Spooles uses only one core

Nobody-86 · August 14, 2022, 3:06pm

Hello there,

I noticed that calculix doesn’t use all cores, at least not for every operation. I have set the number of cores to 6 via the environment variable OMP_NUM_THREADS=6. In the output calculix also writes:

Using up to 6 cpu(s) for the stress calculation.
Using up to 6 cpu(s) for the symmetric stiffness/mass contributions.

However, the SPOOLES solver uses only one core:

Factoring the system of equations using the unsymmetric spooles solver
Using 1 cpu for spooles.

What can I do so that SPOOLES also uses 6 cores?

Calc_em · August 14, 2022, 3:10pm

Check the documentation chapter “How to perform CalculiX calculations in parallel”. It describes what can and needs to be done with Spooles in terms of parallelization.
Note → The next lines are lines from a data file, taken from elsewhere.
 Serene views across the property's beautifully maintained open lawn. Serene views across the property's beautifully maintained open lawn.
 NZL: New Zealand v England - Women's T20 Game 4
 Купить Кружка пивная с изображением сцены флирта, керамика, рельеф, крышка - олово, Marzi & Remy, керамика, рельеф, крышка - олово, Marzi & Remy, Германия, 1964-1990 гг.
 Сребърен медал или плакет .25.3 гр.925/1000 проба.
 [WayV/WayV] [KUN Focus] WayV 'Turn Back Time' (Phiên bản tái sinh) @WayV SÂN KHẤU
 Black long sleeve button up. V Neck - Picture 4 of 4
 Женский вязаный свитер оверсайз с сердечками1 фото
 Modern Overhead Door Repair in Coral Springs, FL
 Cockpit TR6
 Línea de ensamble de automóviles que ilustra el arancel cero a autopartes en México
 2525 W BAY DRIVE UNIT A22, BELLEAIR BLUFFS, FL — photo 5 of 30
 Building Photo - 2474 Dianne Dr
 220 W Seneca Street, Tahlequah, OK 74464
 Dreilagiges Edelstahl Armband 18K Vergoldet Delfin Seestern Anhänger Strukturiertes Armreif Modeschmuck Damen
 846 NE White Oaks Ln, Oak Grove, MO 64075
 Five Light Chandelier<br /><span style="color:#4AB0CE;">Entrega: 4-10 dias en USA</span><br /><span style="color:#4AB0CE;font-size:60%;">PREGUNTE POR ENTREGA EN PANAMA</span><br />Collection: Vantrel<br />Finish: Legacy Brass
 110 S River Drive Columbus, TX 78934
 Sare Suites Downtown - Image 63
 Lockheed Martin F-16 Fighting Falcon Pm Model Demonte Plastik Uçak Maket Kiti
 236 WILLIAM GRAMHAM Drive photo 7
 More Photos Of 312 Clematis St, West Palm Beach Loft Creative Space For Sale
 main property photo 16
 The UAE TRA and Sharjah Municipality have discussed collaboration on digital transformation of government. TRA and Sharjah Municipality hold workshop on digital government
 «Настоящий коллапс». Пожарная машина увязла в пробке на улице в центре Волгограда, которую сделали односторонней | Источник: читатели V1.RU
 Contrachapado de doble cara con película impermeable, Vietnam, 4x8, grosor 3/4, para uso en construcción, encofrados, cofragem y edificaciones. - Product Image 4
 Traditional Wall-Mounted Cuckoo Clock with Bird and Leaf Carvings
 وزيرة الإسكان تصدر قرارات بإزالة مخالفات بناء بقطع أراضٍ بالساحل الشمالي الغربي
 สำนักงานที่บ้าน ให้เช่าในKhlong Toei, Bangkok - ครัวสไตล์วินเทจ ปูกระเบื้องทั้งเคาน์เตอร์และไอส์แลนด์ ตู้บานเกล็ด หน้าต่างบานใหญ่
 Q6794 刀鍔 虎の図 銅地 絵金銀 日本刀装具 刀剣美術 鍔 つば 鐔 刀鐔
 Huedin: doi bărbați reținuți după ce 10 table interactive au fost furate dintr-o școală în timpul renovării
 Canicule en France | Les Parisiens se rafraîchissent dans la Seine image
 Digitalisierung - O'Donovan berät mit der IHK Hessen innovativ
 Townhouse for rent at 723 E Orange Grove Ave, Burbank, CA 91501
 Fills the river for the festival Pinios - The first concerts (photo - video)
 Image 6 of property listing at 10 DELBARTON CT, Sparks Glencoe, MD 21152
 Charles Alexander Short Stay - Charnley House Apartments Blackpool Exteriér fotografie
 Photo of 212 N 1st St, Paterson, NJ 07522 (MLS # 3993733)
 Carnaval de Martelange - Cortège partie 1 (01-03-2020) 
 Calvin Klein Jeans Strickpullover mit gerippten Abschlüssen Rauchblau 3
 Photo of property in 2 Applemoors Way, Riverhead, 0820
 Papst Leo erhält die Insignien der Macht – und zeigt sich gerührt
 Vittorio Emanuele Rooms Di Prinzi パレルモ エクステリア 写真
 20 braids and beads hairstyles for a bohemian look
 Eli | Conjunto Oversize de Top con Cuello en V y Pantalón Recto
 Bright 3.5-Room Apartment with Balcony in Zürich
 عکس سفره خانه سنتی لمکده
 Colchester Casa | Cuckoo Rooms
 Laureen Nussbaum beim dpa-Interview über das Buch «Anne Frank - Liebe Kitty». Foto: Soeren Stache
JohnM · August 14, 2022, 5:20pm

If you have a specific reason for sticking with spooles, ignore this comment, but I highly recommend you try the pastix or pardiso solver

Nobody-86 · August 14, 2022, 8:06pm

Hi,

@Calc_em: Thanks. The chapter says that SPOOLES had to be compiled with a multi treading option. How can I check if this is the case for me? I have an already precompiled version of Calculix and honestly I don’t even know where I got it from. It is a bit older, the archive is called CL34-win64.zip.

@JohnM: no, there is actually no specific reason to use SPOOLES. I just use it because it “came with it”. As far as i know, spastix and paradiso have to be compiled by the user, and I haven’t managed to do that yet.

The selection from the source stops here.